• **TRY IT**
The answer must consist solely of the lines from the start of the records through the line containing "怎么设计出更有展品环境特色的展台", restated word for word, with no pictures.

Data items
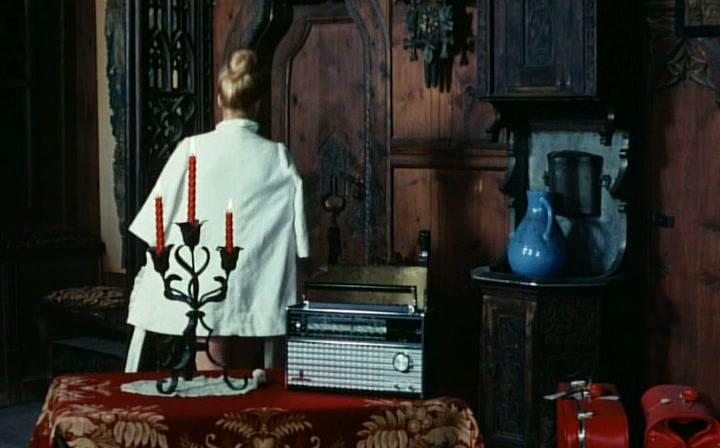 Фильм Они кусают только ночью (1971)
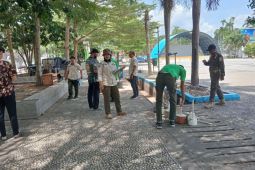 Satpol PP Pangkalpinang angkut grobak dagangan di kawasan Alun-Alun Taman Merdeka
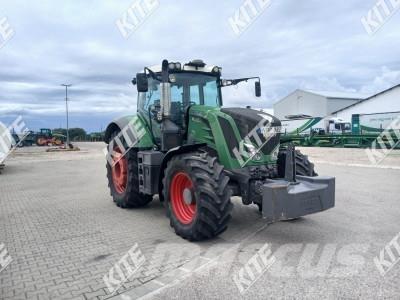 Fendt 826 VARIO Traktorit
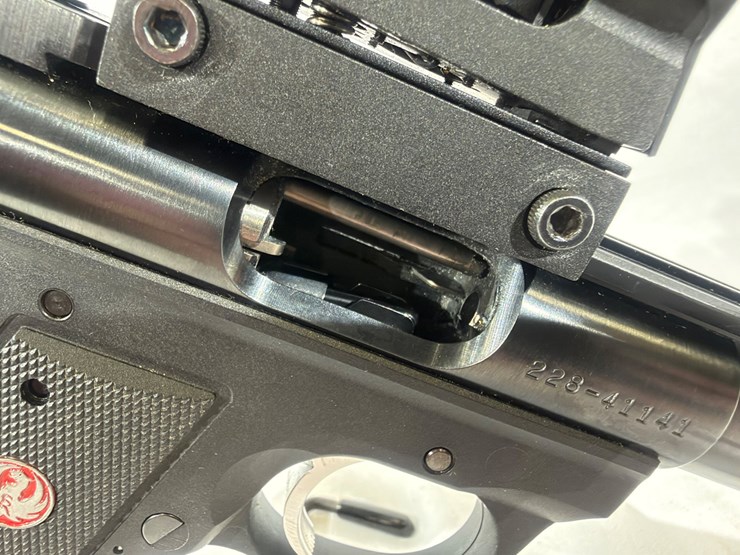 #30-•-ruger-22/45-mark-iii-pistol-image-33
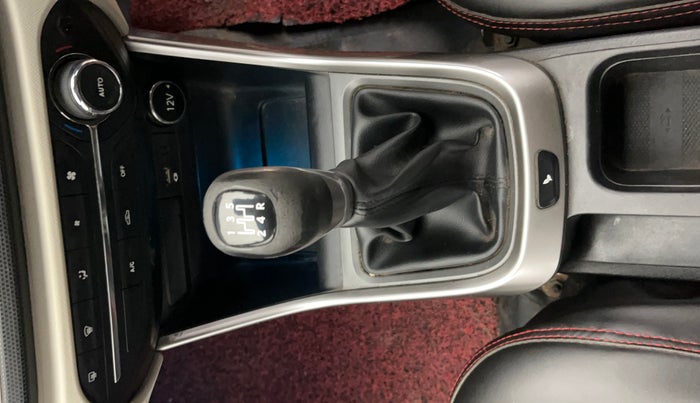 2021 Tata ALTROZ XZ PETROL, Petrol, Manual, 26,606 km, Gear Lever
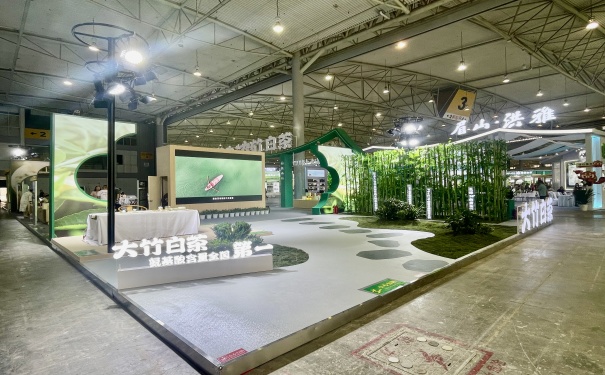 怎么设计出更有展品环境特色的展台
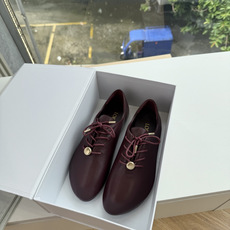 G193顶级品质LOEWE 罗意威穆乐法式复古感系带单鞋 ✔️饰以Anagram Pebble标志性元素的新款尽显 优雅 G193顶级品质LOEWE 罗意威穆乐法式复古感系带单鞋 ✔️饰以Anagram Pebble标志性元素的新款尽显 优雅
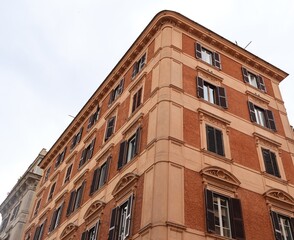 Obraz premium Elegant Historic Building with Warm Architectural Details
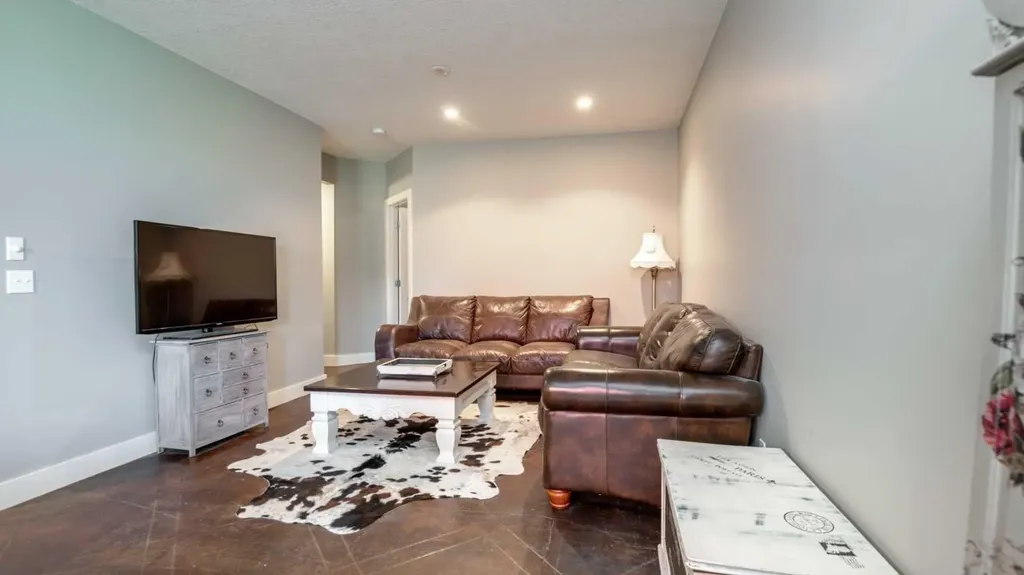 3100 Range Road 254 Strathmore AB T1P 0K4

• **ANSWER TO THIS TASK**
 Фильм Они кусают только ночью (1971)
 Satpol PP Pangkalpinang angkut grobak dagangan di kawasan Alun-Alun Taman Merdeka
 Fendt 826 VARIO Traktorit
 #30-•-ruger-22/45-mark-iii-pistol-image-33
 2021 Tata ALTROZ XZ PETROL, Petrol, Manual, 26,606 km, Gear Lever
 怎么设计出更有展品环境特色的展台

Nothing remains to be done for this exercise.